Leaving out all pictures, return exactly the lines from the one that contains "Name brand winter jackets - Photo 4" through the end of the data below.

Scraped caption text data

════════════════

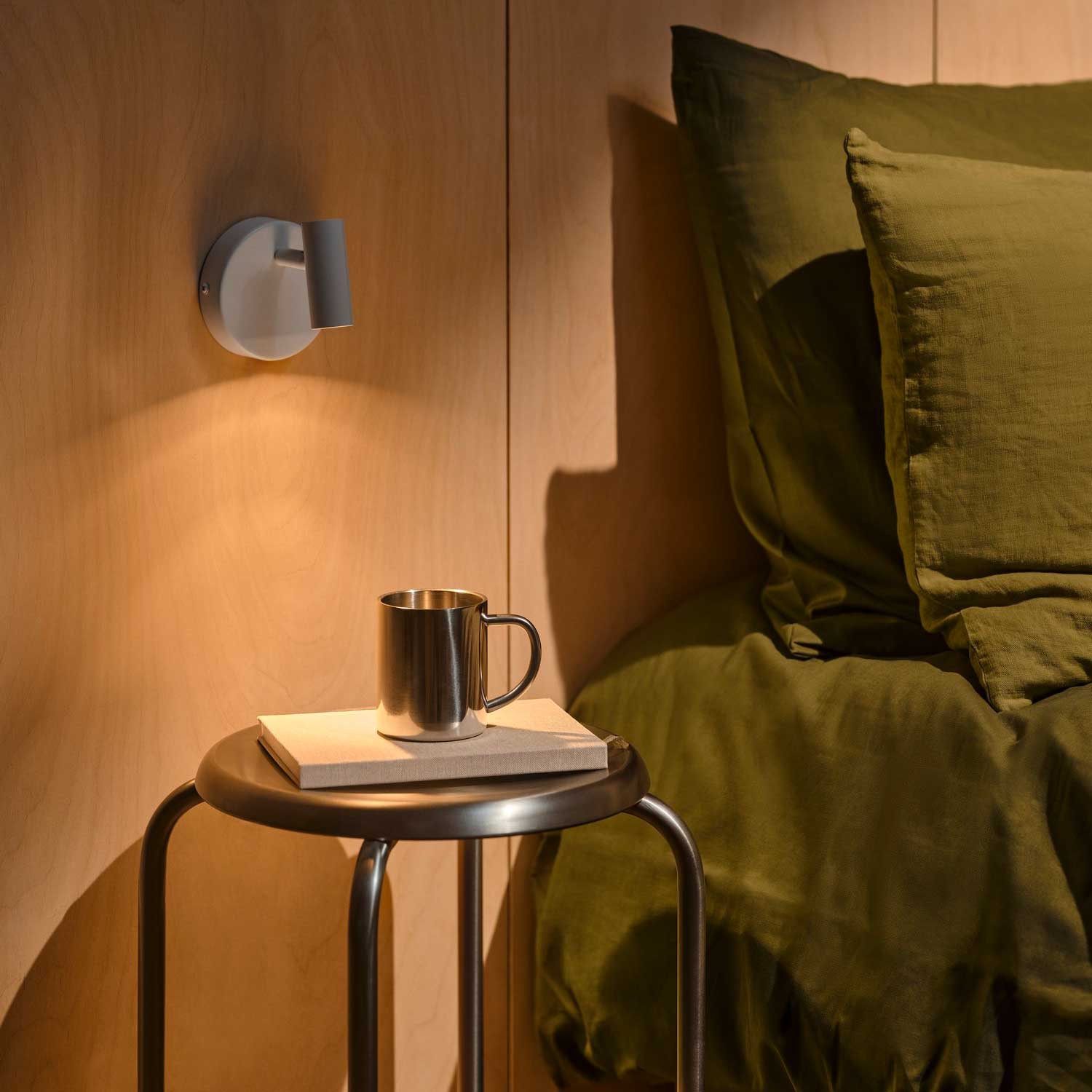 Omari - Applique murale LED liseuse en acier pour chambre moderne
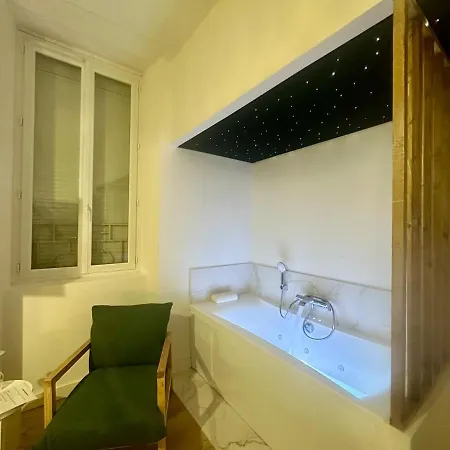 Le Etoile - Baignoire Balneo Et Sauna Privatif Apartment Mont-de-Marsan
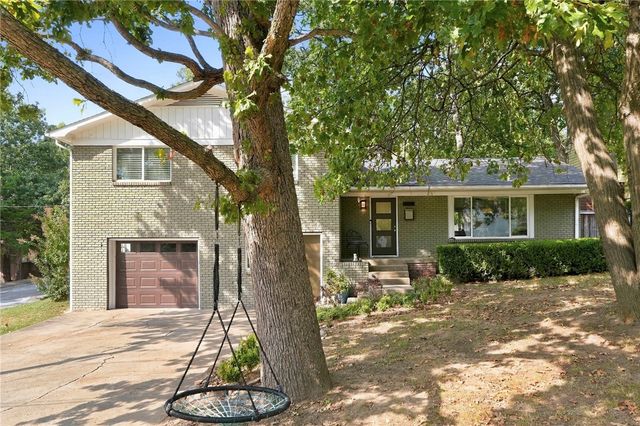 522 Hawthorn Street, Fayetteville, AR 72701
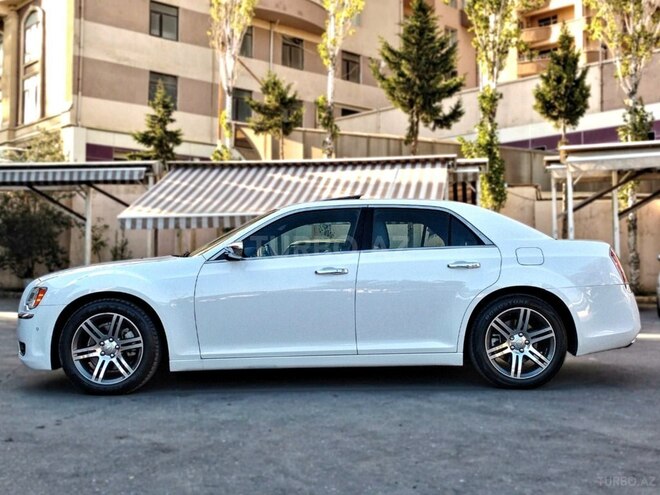 Chrysler 300C 2013, 62,000 km - 3.6 l - Bakı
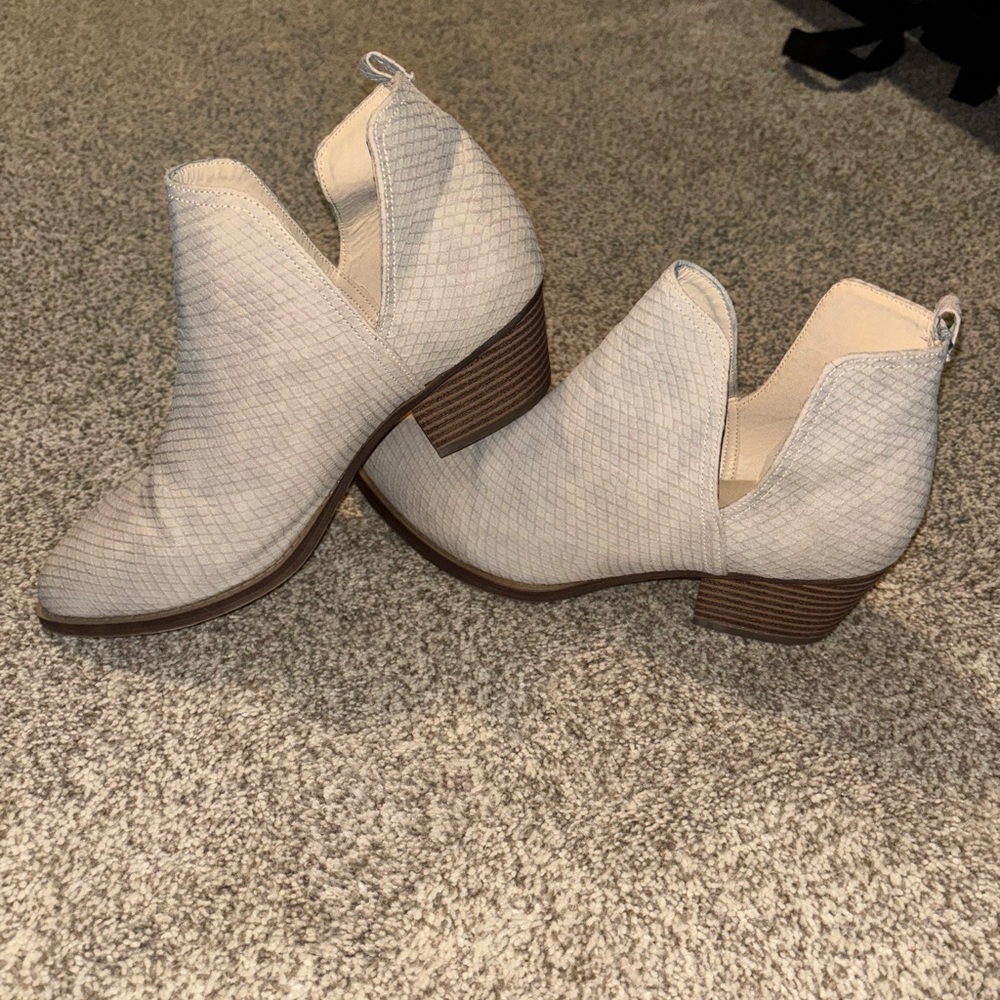 Women's Cream Ankle Boots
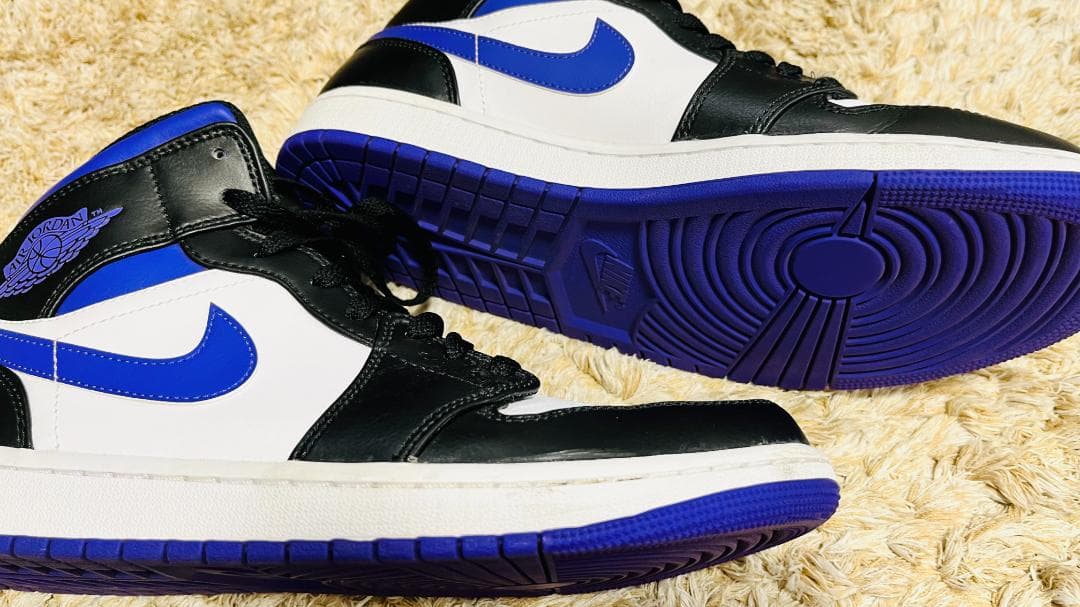 シューズ(男性用) NIKE AIR JORDAN 1MID BLACK/DARKIRISWHITE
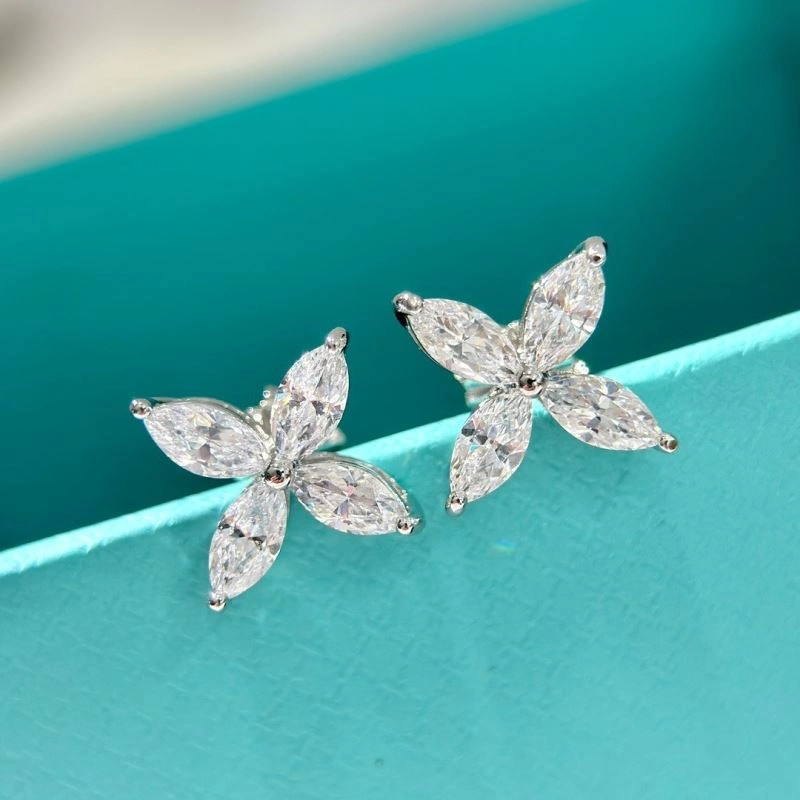 Tiffany Earrings Snug 253972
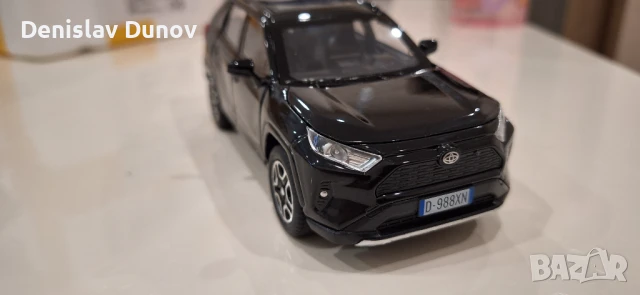 Toyota RAV4 1:32 с отваряеми врати, капак, светещи фарове и стопове, снимка 15 - Коли, камиони, мотори, писти - 51210868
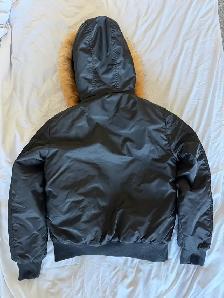 Name brand winter jackets - Photo 4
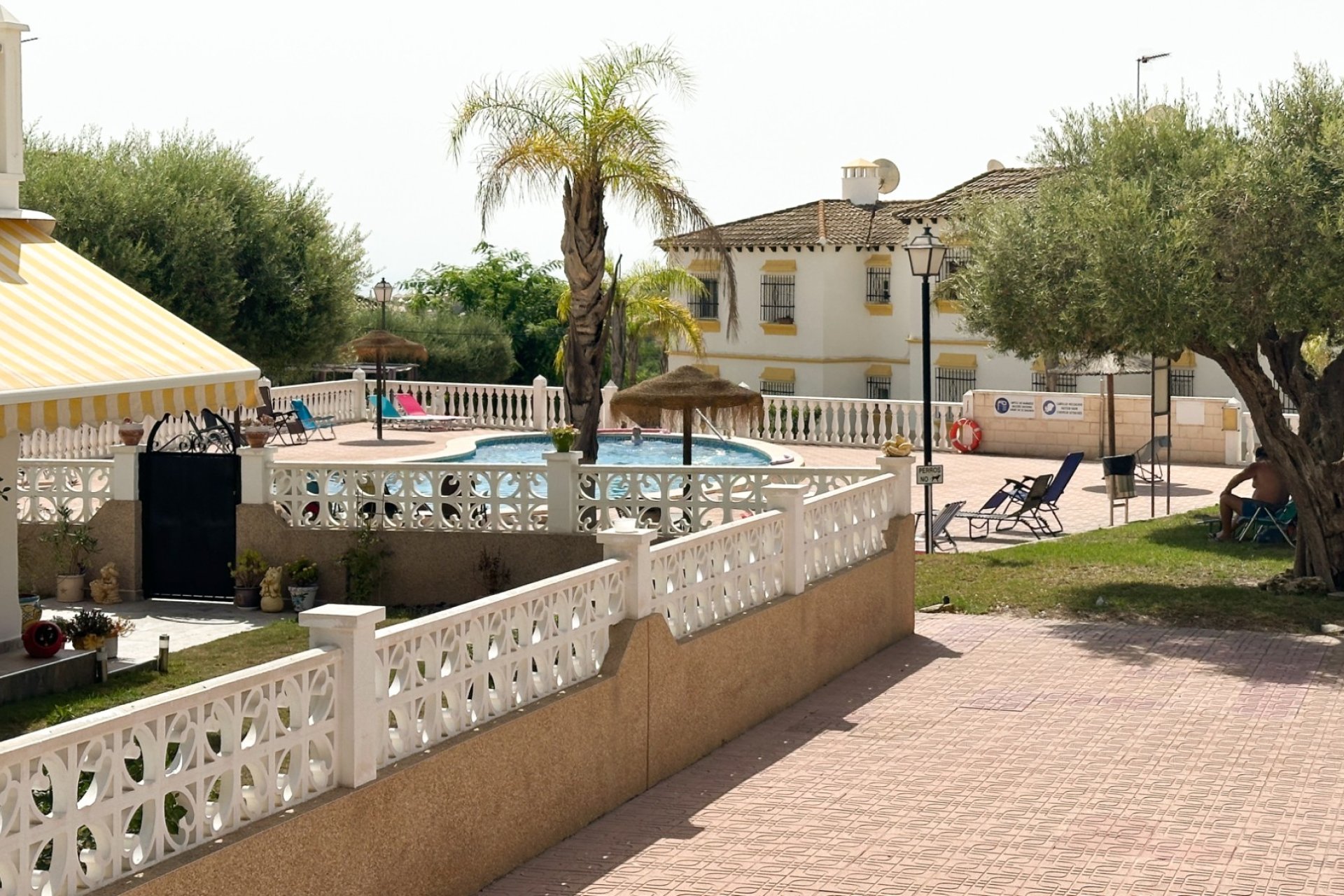 Resale - Townhouse / Duplex / Corner - San Miguel de Salinas - Bellavista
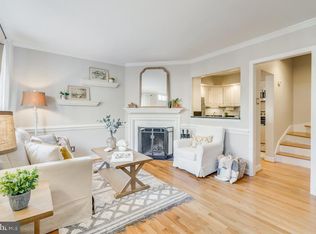560 N Saint Asaph St, Alexandria, VA 22314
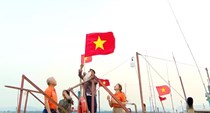 Trao tặng hàng nghìn lá cờ và sinh kế cho ngư dân, gia đình chính sách miền Trung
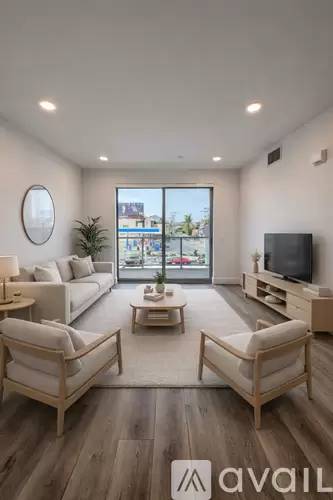 Main picture of 6535 Melrose Ave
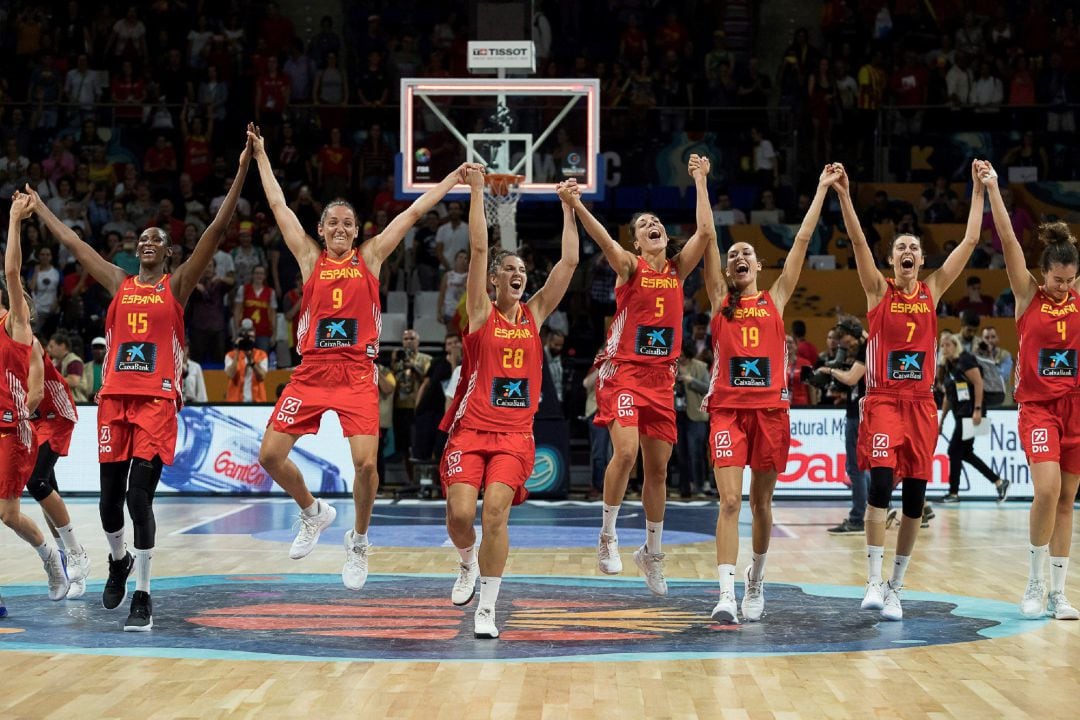 Las jugadoras de la selección española de baloncesto femenino celebran su victoria frente a Canadá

════════════════

▶ _Solved exercise_:
 Name brand winter jackets - Photo 4
 Resale - Townhouse / Duplex / Corner - San Miguel de Salinas - Bellavista
560 N Saint Asaph St, Alexandria, VA 22314
 Trao tặng hàng nghìn lá cờ và sinh kế cho ngư dân, gia đình chính sách miền Trung
 Main picture of 6535 Melrose Ave
 Las jugadoras de la selección española de baloncesto femenino celebran su victoria frente a Canadá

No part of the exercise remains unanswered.